Transcribe all of the listing below in full.

# [DATA RECORDS]
***

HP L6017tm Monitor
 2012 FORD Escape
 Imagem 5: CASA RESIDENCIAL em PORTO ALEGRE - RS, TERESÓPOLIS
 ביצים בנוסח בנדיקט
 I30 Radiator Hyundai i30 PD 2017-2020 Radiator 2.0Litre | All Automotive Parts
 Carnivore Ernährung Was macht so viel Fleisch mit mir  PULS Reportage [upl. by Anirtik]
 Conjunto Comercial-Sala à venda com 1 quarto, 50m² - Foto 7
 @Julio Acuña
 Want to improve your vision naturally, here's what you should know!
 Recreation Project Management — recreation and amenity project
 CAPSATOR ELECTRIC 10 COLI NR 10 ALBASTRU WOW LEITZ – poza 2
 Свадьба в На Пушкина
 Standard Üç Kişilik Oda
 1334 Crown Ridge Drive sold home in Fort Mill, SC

***

# [RESPONSE AREA]
HP L6017tm Monitor
 2012 FORD Escape
 Imagem 5: CASA RESIDENCIAL em PORTO ALEGRE - RS, TERESÓPOLIS
 ביצים בנוסח בנדיקט
 I30 Radiator Hyundai i30 PD 2017-2020 Radiator 2.0Litre | All Automotive Parts
 Carnivore Ernährung Was macht so viel Fleisch mit mir  PULS Reportage [upl. by Anirtik]
 Conjunto Comercial-Sala à venda com 1 quarto, 50m² - Foto 7
 @Julio Acuña
 Want to improve your vision naturally, here's what you should know!
 Recreation Project Management — recreation and amenity project
 CAPSATOR ELECTRIC 10 COLI NR 10 ALBASTRU WOW LEITZ – poza 2
 Свадьба в На Пушкина
 Standard Üç Kişilik Oda
 1334 Crown Ridge Drive sold home in Fort Mill, SC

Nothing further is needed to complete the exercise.